Records contained in a dataset:
###
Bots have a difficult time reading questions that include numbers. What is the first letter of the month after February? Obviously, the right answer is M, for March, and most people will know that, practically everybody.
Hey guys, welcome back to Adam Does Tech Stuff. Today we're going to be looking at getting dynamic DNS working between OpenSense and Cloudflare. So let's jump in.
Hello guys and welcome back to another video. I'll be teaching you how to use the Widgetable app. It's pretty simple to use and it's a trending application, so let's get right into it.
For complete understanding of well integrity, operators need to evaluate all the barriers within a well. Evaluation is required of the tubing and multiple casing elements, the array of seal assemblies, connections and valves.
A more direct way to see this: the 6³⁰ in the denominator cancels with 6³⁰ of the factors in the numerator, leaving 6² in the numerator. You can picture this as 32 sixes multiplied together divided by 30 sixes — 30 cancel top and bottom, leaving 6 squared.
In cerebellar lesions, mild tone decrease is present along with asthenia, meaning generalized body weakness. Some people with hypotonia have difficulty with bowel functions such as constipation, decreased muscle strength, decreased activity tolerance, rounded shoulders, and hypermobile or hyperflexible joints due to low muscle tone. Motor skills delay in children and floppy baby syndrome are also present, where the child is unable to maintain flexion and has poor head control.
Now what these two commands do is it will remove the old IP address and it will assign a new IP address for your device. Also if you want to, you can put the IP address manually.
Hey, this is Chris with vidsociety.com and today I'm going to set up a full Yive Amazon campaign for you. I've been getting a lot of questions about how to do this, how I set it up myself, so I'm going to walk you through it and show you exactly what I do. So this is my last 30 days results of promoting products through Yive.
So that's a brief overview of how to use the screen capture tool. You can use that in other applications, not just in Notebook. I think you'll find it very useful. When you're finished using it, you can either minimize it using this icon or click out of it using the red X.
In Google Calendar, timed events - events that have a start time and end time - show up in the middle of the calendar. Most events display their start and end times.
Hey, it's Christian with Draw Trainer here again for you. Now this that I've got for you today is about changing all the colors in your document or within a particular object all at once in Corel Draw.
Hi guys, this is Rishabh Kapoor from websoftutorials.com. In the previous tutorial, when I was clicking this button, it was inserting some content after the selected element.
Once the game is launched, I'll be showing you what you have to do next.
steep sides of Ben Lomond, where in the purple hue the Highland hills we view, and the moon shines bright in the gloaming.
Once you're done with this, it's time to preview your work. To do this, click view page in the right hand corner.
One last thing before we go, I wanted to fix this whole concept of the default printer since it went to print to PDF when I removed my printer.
###
Each record above is to be given again without any change to its wording.

Bots have a difficult time reading questions that include numbers. What is the first letter of the month after February? Obviously, the right answer is M, for March, and most people will know that, practically everybody.
Hey guys, welcome back to Adam Does Tech Stuff. Today we're going to be looking at getting dynamic DNS working between OpenSense and Cloudflare. So let's jump in.
Hello guys and welcome back to another video. I'll be teaching you how to use the Widgetable app. It's pretty simple to use and it's a trending application, so let's get right into it.
For complete understanding of well integrity, operators need to evaluate all the barriers within a well. Evaluation is required of the tubing and multiple casing elements, the array of seal assemblies, connections and valves.
A more direct way to see this: the 6³⁰ in the denominator cancels with 6³⁰ of the factors in the numerator, leaving 6² in the numerator. You can picture this as 32 sixes multiplied together divided by 30 sixes — 30 cancel top and bottom, leaving 6 squared.
In cerebellar lesions, mild tone decrease is present along with asthenia, meaning generalized body weakness. Some people with hypotonia have difficulty with bowel functions such as constipation, decreased muscle strength, decreased activity tolerance, rounded shoulders, and hypermobile or hyperflexible joints due to low muscle tone. Motor skills delay in children and floppy baby syndrome are also present, where the child is unable to maintain flexion and has poor head control.
Now what these two commands do is it will remove the old IP address and it will assign a new IP address for your device. Also if you want to, you can put the IP address manually.
Hey, this is Chris with vidsociety.com and today I'm going to set up a full Yive Amazon campaign for you. I've been getting a lot of questions about how to do this, how I set it up myself, so I'm going to walk you through it and show you exactly what I do. So this is my last 30 days results of promoting products through Yive.
So that's a brief overview of how to use the screen capture tool. You can use that in other applications, not just in Notebook. I think you'll find it very useful. When you're finished using it, you can either minimize it using this icon or click out of it using the red X.
In Google Calendar, timed events - events that have a start time and end time - show up in the middle of the calendar. Most events display their start and end times.
Hey, it's Christian with Draw Trainer here again for you. Now this that I've got for you today is about changing all the colors in your document or within a particular object all at once in Corel Draw.
Hi guys, this is Rishabh Kapoor from websoftutorials.com. In the previous tutorial, when I was clicking this button, it was inserting some content after the selected element.
Once the game is launched, I'll be showing you what you have to do next.
steep sides of Ben Lomond, where in the purple hue the Highland hills we view, and the moon shines bright in the gloaming.
Once you're done with this, it's time to preview your work. To do this, click view page in the right hand corner.
One last thing before we go, I wanted to fix this whole concept of the default printer since it went to print to PDF when I removed my printer.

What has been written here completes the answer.